-- DATASET CONTENT follows --

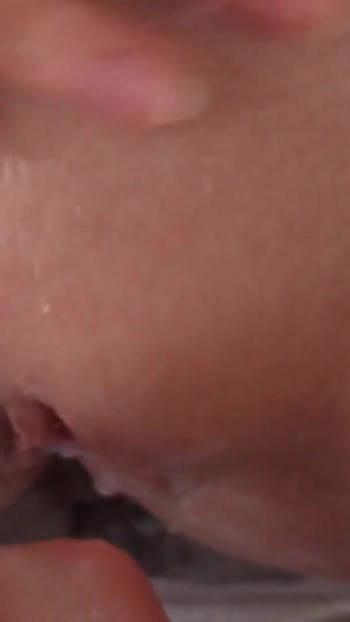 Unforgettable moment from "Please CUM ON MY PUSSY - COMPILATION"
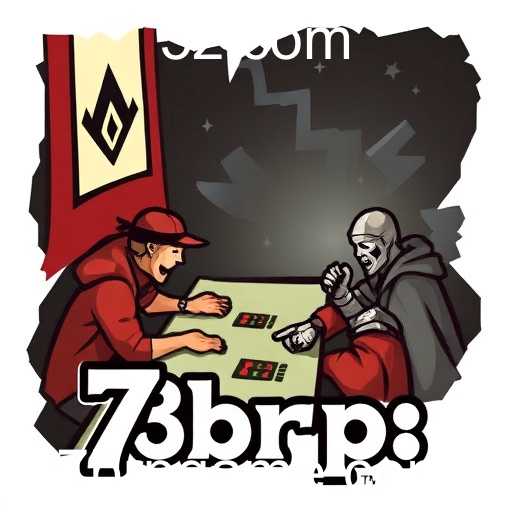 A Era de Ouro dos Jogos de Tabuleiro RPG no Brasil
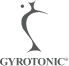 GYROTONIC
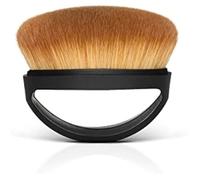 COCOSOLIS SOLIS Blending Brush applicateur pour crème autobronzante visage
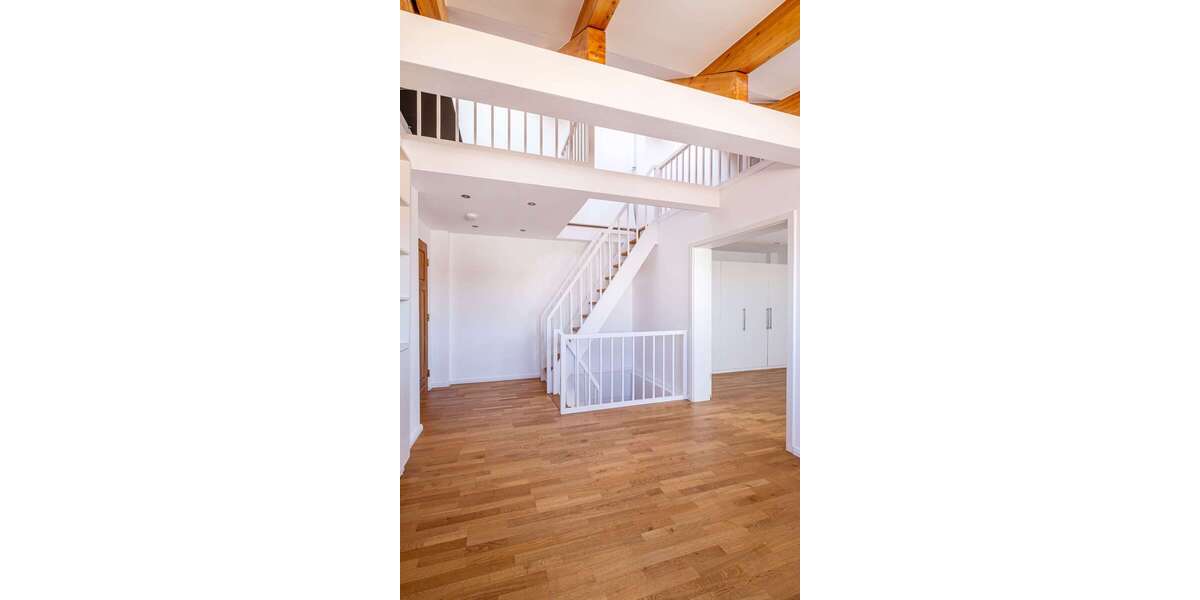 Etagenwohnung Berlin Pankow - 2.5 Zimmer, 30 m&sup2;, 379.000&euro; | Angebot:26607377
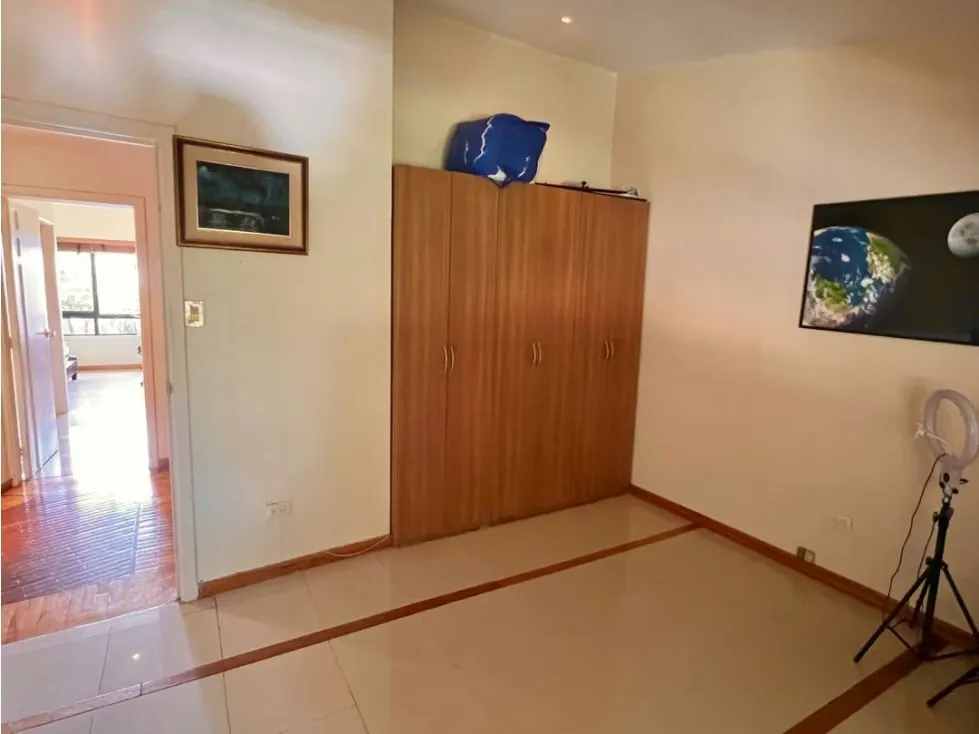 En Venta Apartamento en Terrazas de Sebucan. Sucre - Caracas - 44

-- DATASET CONTENT concluded --
-- DATASET CONTENT follows --

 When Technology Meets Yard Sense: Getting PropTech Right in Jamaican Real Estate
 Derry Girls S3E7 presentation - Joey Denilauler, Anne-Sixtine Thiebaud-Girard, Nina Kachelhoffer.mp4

-- DATASET CONTENT concluded --

* _TASK TO CARRY OUT_
For this exercise, set down the lines in the entries above from the one with "Unforgettable moment from" through the one with "En Venta Apartamento" exactly as written, without any pictures.

* _ANSWER SPACE_
 Unforgettable moment from "Please CUM ON MY PUSSY - COMPILATION"
 A Era de Ouro dos Jogos de Tabuleiro RPG no Brasil
 GYROTONIC
 COCOSOLIS SOLIS Blending Brush applicateur pour crème autobronzante visage
 Etagenwohnung Berlin Pankow - 2.5 Zimmer, 30 m&sup2;, 379.000&euro; | Angebot:26607377
 En Venta Apartamento en Terrazas de Sebucan. Sucre - Caracas - 44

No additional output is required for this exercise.